A single mobile device may allow multiple applications to execute simultaneously. Several applications requiring sensor data often run concurrently within a user's mobile device. Two or more of these applications may need sensor measurements from a common type of sensor or the same sensor. Often the requirements for sensor data from separate applications vary. That is, one application may require samples from a sensor at a first periodic sampling rate while a second application requires data from the same sensor but at a second periodic sampling rate.
Typically, applications require sensor measurements at a periodic rate but a first application may need sensor measurements often while a second application may use measurements from the same sensor less frequently. For example, a first application may require measurement every 20 milliseconds (ms) (equivalent to a sampling rate of 50 Hz) and a second application may require measurements every 25 ms (equivalent to a sampling rate of 40 Hz).

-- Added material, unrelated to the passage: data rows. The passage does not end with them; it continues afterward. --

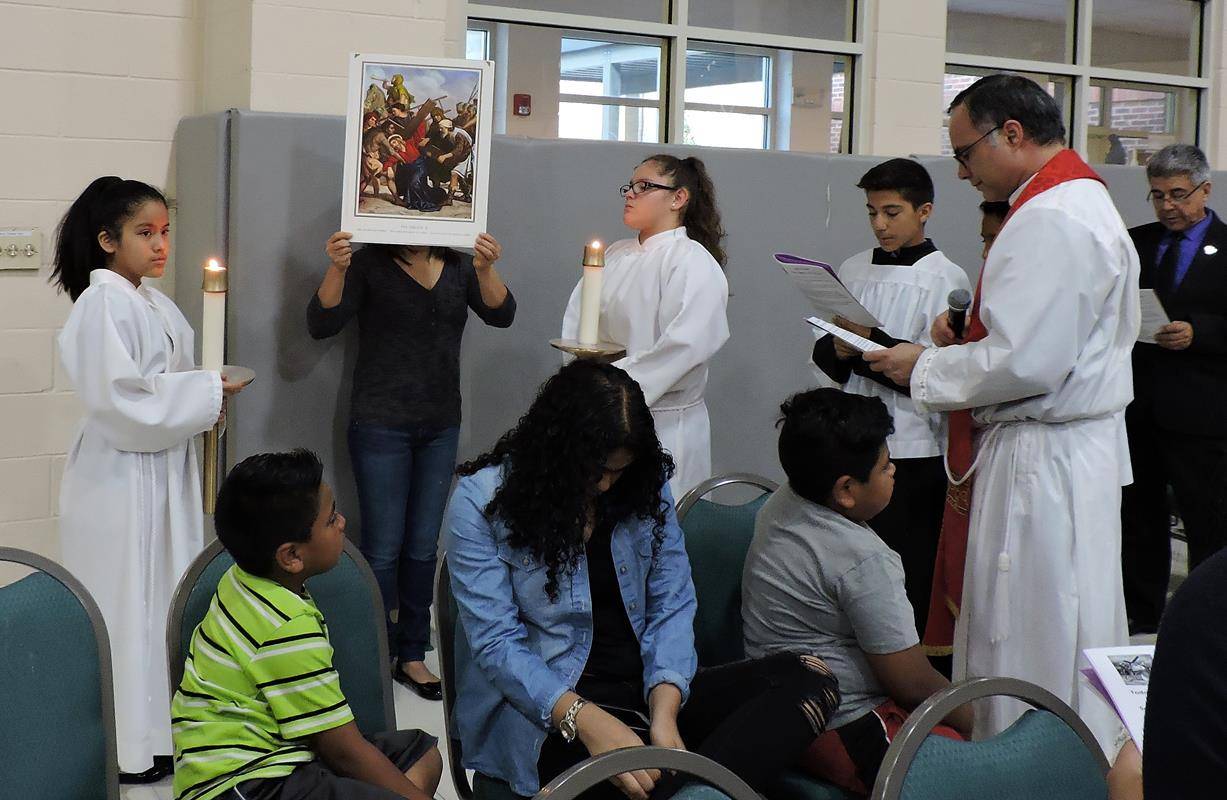 HUNTERSVILLE — Parishioners prayed the Stations of the Cross, then the Passion and then the Divine Mercy and Veneration of the Cross. (By Amy Burger) 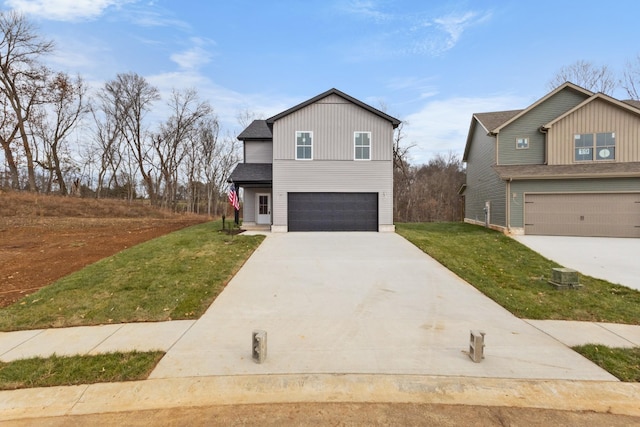 view of front of property with a garage and a front lawn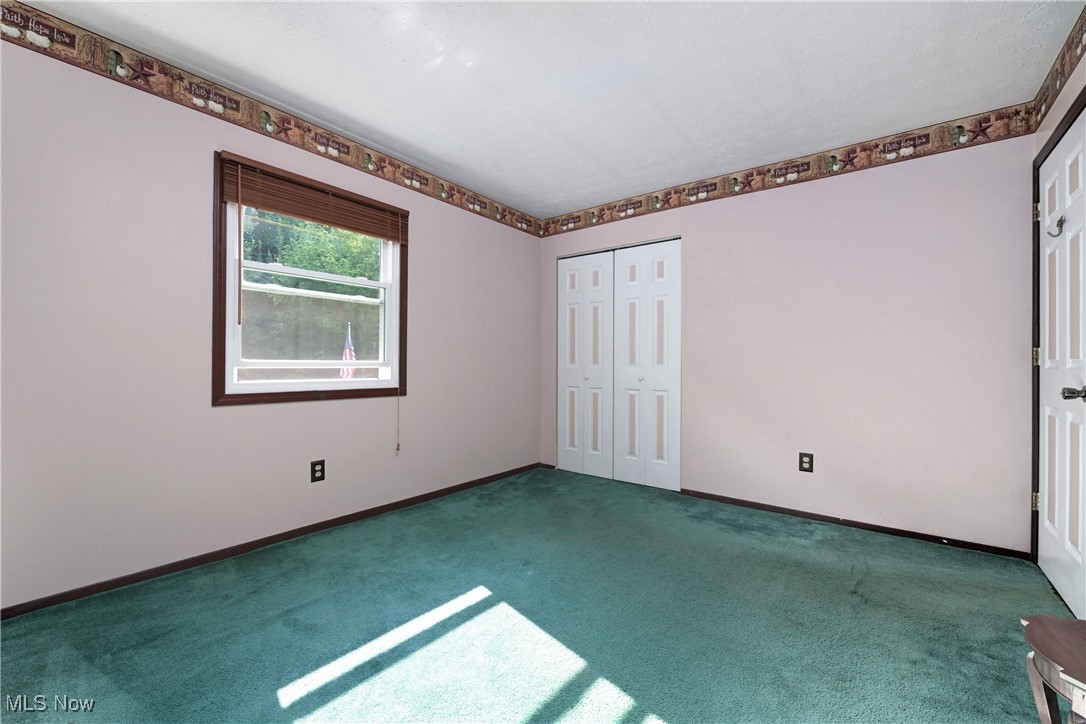 1820 Claus Road Vermilion, OH 44089 - Photo 8 of 10 Unfurnished bedroom with carpet and a closet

Several approaches are available to accommodate different sampling rates. In a first approach, a mobile device may provide a corresponding number of sensors, each with its own sampler. That is, if there are N applications requiring sensor measurements, there are a corresponding N or more sensors. This approach requires a number of duplicative sensors and samplers, each consuming power and requiring circuit board real estate.
A second approach includes a single sensor but a plural number of samplers. This single-sensor approach has the advantage of saving some power but disadvantages associated with having of multiple samplers.
A third approach includes a single sensor with a single sampler. With this approach, a higher over-sampled sampling rate is used such that each of the various required sampling rates are found within the over-sampled sampling rate. That is, a periodic sampling rate is selected based on the least common multiple (LCM) of the different sampling rates, which typically results in a high LCM sampling rate and a large number of unused samples. The over-sampled sampling rate is the smallest number that is a multiple of each of the required sampling rates. For example, the LCM of 50 Hz (sampling rate of first application) and 40 Hz (sampling rate of first application) is 200 Hz (sampling rate of sampler). In this case, the sampler provides samples at a rate four times what is necessary for the first application and five times what is necessary for the second application.
Of the several approaches available, each having its various drawbacks in extra hardware requirements, power consumption and time necessary to process unused samples.